In 1771 zijn Hendrik en Jacoba beiden overleden en wordt meester-chirurgijn David Eckhardt bij willig decreet eigenaar voor ƒ 10.100,-. Eckhardt was sinds 1741 ook eigenaar van het hoekhuis en had bij zijn dood in 1778 meerdere huizen in bezit. Wel sloot hij in 1772 een lening van ƒ 10.000,- af met al zijn huizen als onderpand. Bij zijn overlijden was hiervan ƒ 2000,- afgelost.
Hier kocht men in de jaren twintig Amerikaansche legergoederen
Eckhardt verkocht dit huis en het achterhuis onderhands aan Hendrik Scheper. Na zijn overlijden droeg Eckhardts weduwe Maria van Broekhuyse het over aan Scheper, die er ƒ 3000,- voor betaalde en de restschuld van ƒ 8000,- overnam van Eckhardt.
In 1803 is het mr. Pieter Georgesz Clifford (1765-1818) die het huis voor ƒ 4900,- koopt van Scheper. Clifford is gehuwd met Anna Sara Six en wordt het jaar erop beëdigd als schepen van Amsterdam. In 1816 wordt hij lid van de Vergadering van de Provinciale Staten.
Is hier in 1742 nog de kantwinkel van Cornelis Sterkman, die het huurde voor ƒ 400,- bij een inkomen van ƒ 800,-, in de 19e eeuw wonen hier onder meer boekverkoper Moolenijzer en boekdrukker Visser.
Begin twintigste eeuw is er een tabak- en sigarenfabriek, onder andere van Polak & Konijn en rond 1904 een tweede vestiging van de Volks-Gas-Gloeilichtfabriek ‘De Kroon’ van de firma J. Zwalf Hzn, die ook aan het Rapenburgerplein was gevestigd.
Tussen 1924 en 1932 had Simon Duijts (geboren 1895-1943, Sobibor) zowel hier als in de Leliestraat een lederwarenwinkel met ‘Amerikaansche legergoederen’ en ‘gabardine regenjassen’. In een advertentie brengt hij zijn goederen als volgt aan de man:
“Het huis is klein
Doch de voorraad ZEER groot
En sla met mijne prijzen alle concurrentie dood”
Toen wij het huis in 1968 kochten, waren dit pand en hoekpand nr. 38 dat wij al sinds 1963 in bezit hadden weer in één hand.
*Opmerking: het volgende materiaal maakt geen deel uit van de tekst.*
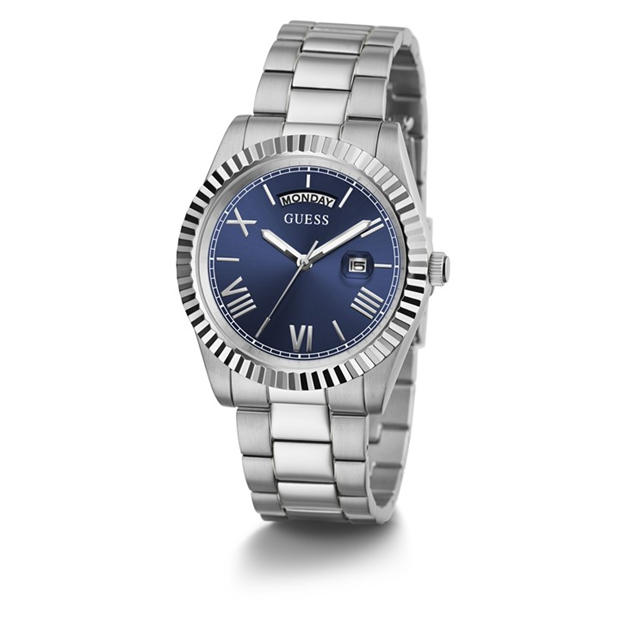 Blue/Silver - Guess - GesJwl Wtch Sn71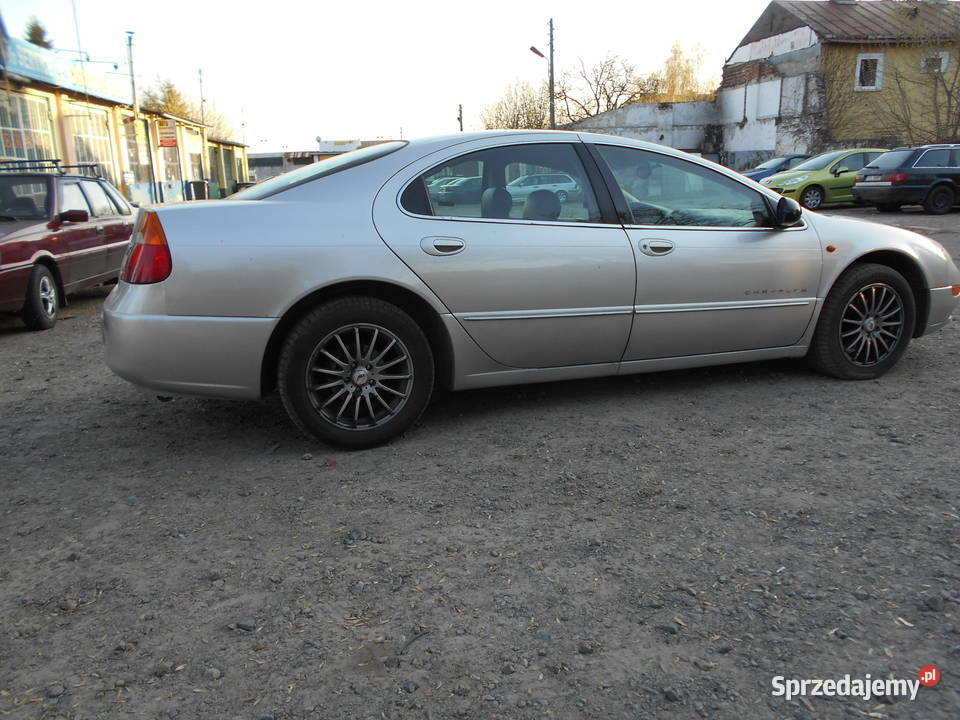 chrysler 300M 35 v6 99r części z tego auta Zamość
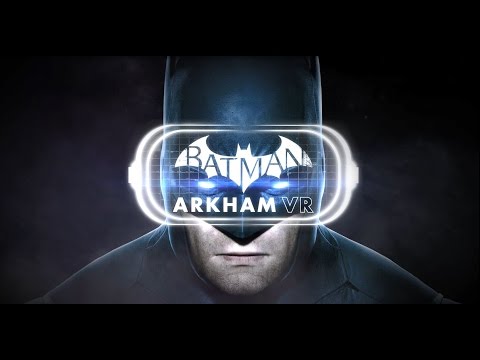 Batman: Arkham VR PS4/PS5 Account - Video 1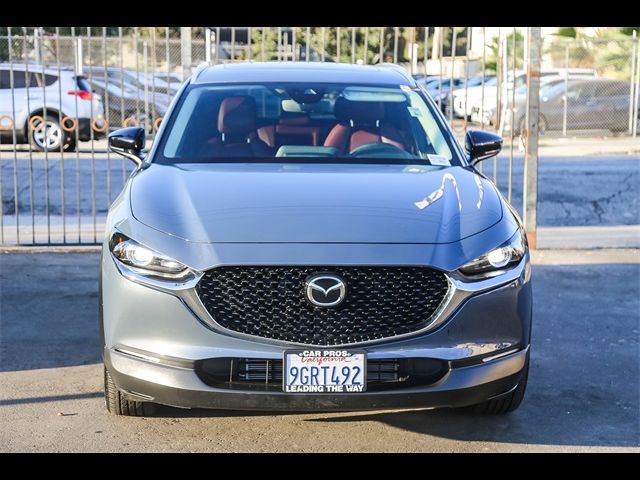 2023 Mazda CX-30 2.5 S Carbon Edition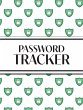 XL Large Print Password Tracker (Lock... - Bild 1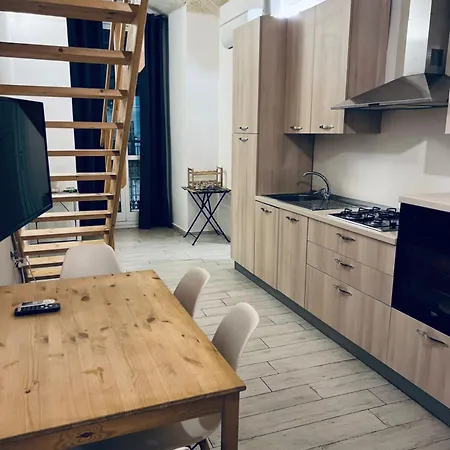 Urban Flat Dante باري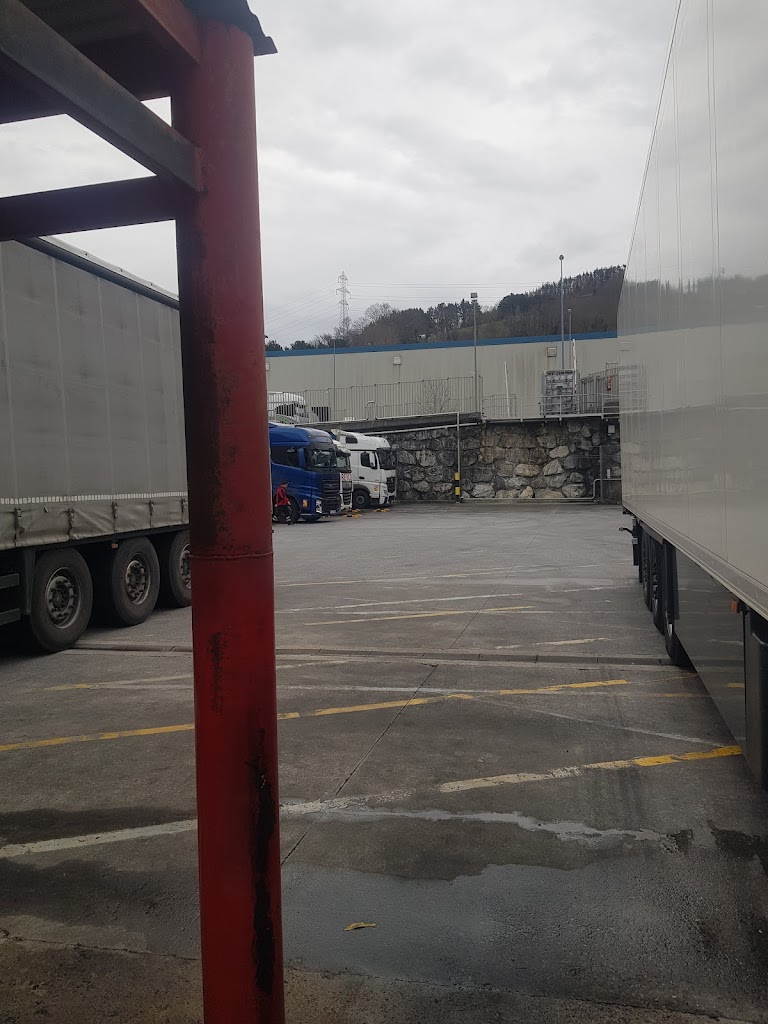 Estacion de Servicio Valcarce Irun Zaisa III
Voor de schoorsteenveger maakte dit niet meer uit: die ging toen allang langs de trap van Boerensteeg 9 naar het dak van nummer 38. Evenals inbrekers die hun oog hadden laten vallen op de partij kleding die op nummer 40 was opgeslagen.
Kloveniersburgwal 40 was oorspronkelijk een tweelingpand van het hoekpand nummer 38 en is vooral opmerkelijk door de mooie gevelbekroning van de vroeg 18e-eeuwse klokgevel: een rococokuif, met daaronder een afbeelding van een boom en het opschrift: DE TEEBOOM.
In 1968 konden wij dit pand kopen van jachtbouwer Schooneveldt en in 1970 begon de restauratie. Het pand bevond zich nog in redelijke staat van onderhoud, maar het achterhuis met adres Boerensteeg 9 was een bouwval. Besloten is om dit achterhuis samen te voegen met ons hoekpand op nummer 38 dat op dat moment in restauratie was.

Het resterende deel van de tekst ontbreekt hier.